From: Derrick Stolee <stolee@gmail.com>
To: Jonathan Tan <jonathantanmy@google.com>,
Derrick Stolee via GitGitGadget <gitgitgadget@gmail.com>
Cc: git@vger.kernel.org, gitster@pobox.com,
johannes.schindelin@gmx.de, peff@peff.net, ps@pks.im,
me@ttaylorr.com, johncai86@gmail.com, newren@gmail.com,
christian.couder@gmail.com, kristofferhaugsbakk@fastmail.com
Subject: Re: [PATCH 08/17] pack-objects: add --path-walk option
Date: Wed, 30 Oct 2024 22:12:38 -0400 [thread overview]
Message-ID: <59c0b17a-491e-48ed-840e-7eec1c2d1de2@gmail.com> (raw)
In-Reply-To: <20241028195404.4119175-1-jonathantanmy@google.com>
On 10/28/24 3:54 PM, Jonathan Tan wrote:
> "Derrick Stolee via GitGitGadget" <gitgitgadget@gmail.com> writes:
>> This new walk is incompatible with some features and is ignored by
>> others:
>>
>> * Object filters are not currently integrated with the path-walk API,
>> such as sparse-checkout or tree depth.

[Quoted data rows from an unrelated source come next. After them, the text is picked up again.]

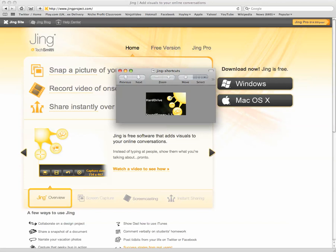you can even do a video blog, for example. So you can switch on your webcam with Jing and capture yourself talking or something that your webcam is recording.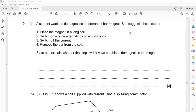A student wanted to demagnetize a permanent magnet. This topic is still left for the magnetism section, but I'll discuss this question now. Place a magnet in a long coil, switch on a large alternating current, switch off the current, and remove the bar magnet from the coil. State and explain whether these steps will always be able to demagnetize. The answer is no — the current should not be switched off.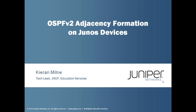Hi, my name is Kieran Milne. I'm a Tech Lead with the Juniper Networks Certification Program in Education Services here at Juniper Networks. This Learning Byte is going to discuss OSPF version 2 adjacency formation for Junos devices.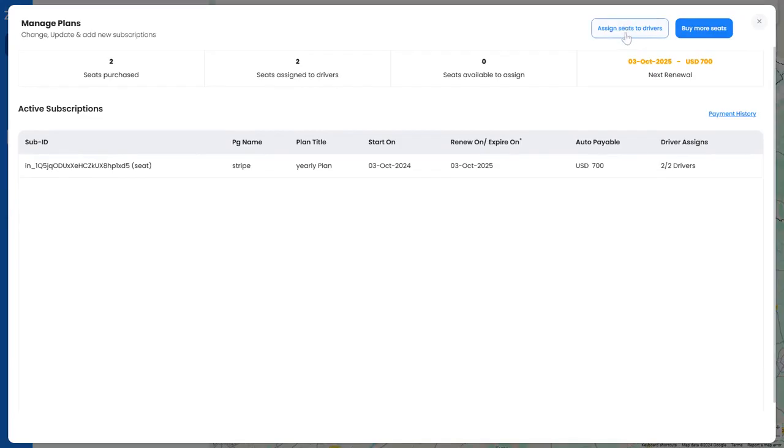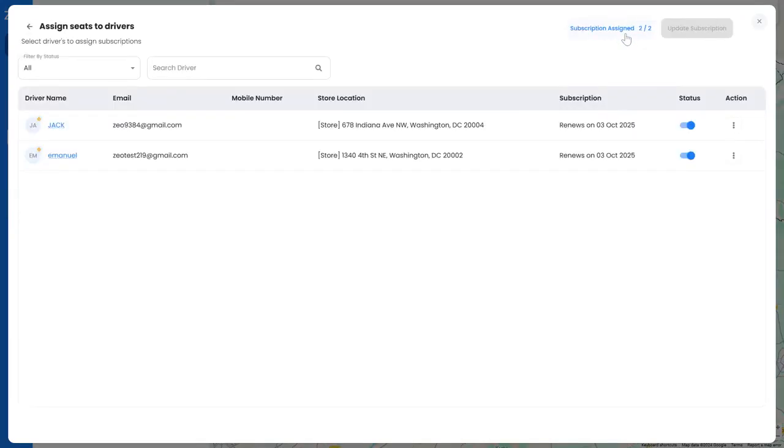Here you can assign and unassign seats to drivers, depending on the number of seats you have as per your subscription.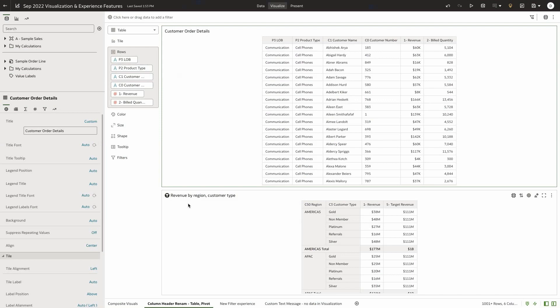In this video, let's look at the new experience features we have added to Oracle Analytics Cloud with the September 2022 update.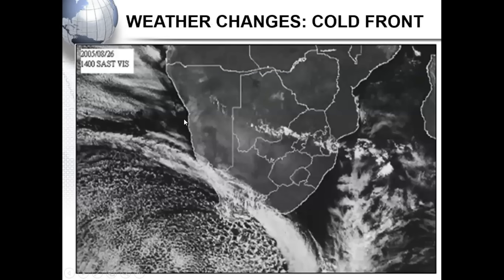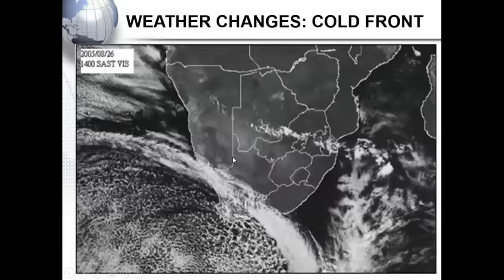We have covered a lot of ground, but we will stop here. Next time we will look at solutions, synoptic weather maps, and satellite images. Thank you for listening and enjoy your day.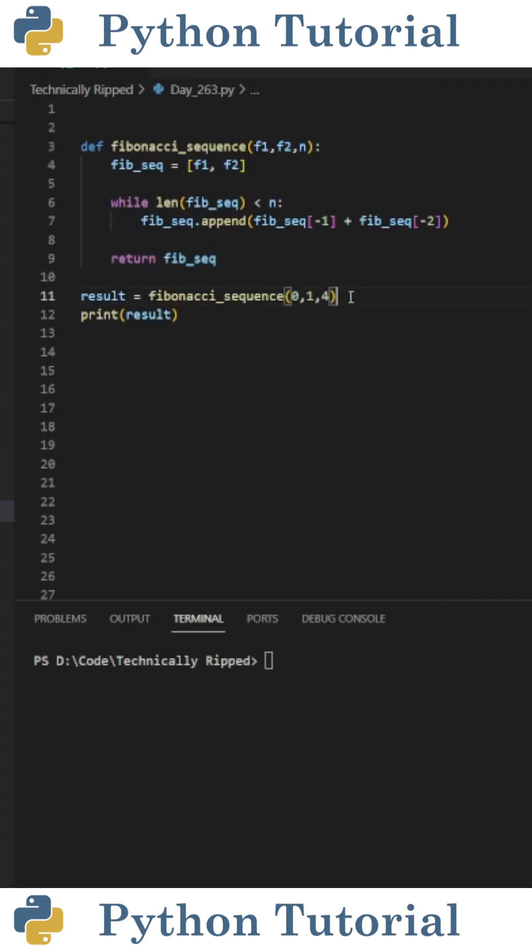On line 11, I created a variable called result, and set it equal to Fibonacci sequence with the numbers I want. So for this example, I put zero, one, and four.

A blobless packfile could be
>> integrated easily, but that is deferred for later.
>>
>> * Server-focused features such as delta islands, shallow packs, and
>> using a bitmap index are incompatible with the path-walk API.
>>
>> * The path walk API is only compatible with the --revs option, not
>> taking object lists or pack lists over stdin. These alternative ways
>> to specify the objects currently ignores the --path-walk option
>> without even a warning.
>
> It might be better to declare --path-walk as "internal use only" and
> only supporting what send-pack.c (used by "git push") and "git repack"
> needs. (From this list, it seems that there is a lot of incompatibility,
> some of which can happen without a warning to the user, so it sounds
> better to be up-front and say that we only support what send-pack.c
> needs. This also makes reviewing easier, as we don't have to think about
> the possible interactions with every other rev-list feature - only what
> is used by send-pack.c.)
I do wonder what the value of doing this would be. I consider 'gitpack-objects'
to already be a plumbing command, so marking any option
as "internal use only" seems like overkill. It takes effort to combine
the options carefully for the right effect. The tests in p5313 are not
terribly simple, such as needing --no-reuse-delta to guarantee we are
using the desired delta algorithm.
> Also from a reviewer perspective, it might be better to restrict this
> patch set to what send-pack.c needs and leave "git repack" for a future
> patch set. This means that we would not need features such as blob
> and tree exclusions, and possibly not even bitmap use or delta reuse
> (assuming that the user would typically push recently-created objects
> that have not been repacked).
While I can understand that as being a potential place to split the
patch series, the integration to add 'git repack --path-walk' is actually
very simple. Repacking "everything" needs to happen to be able to push a
repo to an empty remote, after all.
There are some subtleties around indexed objects, reflogs, and the like
that add some complexity, but they also are handled in the path-walk API
layer. Some of that complexity was helpful to know about during repack
tests.
Finally, the 'git repack --path-walk' use case is a great one for
demonstrating the benefits to threading the 'git pack-objects
--path-walk' algorithm.
>> + /* Skip objects that do not exist locally. */
>> + if (exclude_promisor_objects &&
>> + oid_object_info_extended(the_repository, oid, &oi,
>> + OBJECT_INFO_FOR_PREFETCH) < 0)
>> + continue;
>
> This functionality is typically triggered by --missing=allow;
> --exclude_promisor_objects means (among other things) that we allow
> a missing link only if that object is known to be a promisor object
> (because another promisor object refers to it) (see Documentation/
> rev-list-options.txt, and also get_reference() and elsewhere in
> revision.c - notice how is_promisor_object() is paired with it)
>
> Having said that, we should probably just fail outright on missing
> objects, whether or not we have exclude_promisor_objects. If we have
> computed that we need to push an object, that object needs to exist.
> (Same for repack.)
I think that this is not a reasonable assumption that a hard fail
should be expected. Someone could create a blobless clone with a
sparse-checkout and then add a new file outside their sparse-checkout
without ever having the previous version downloaded.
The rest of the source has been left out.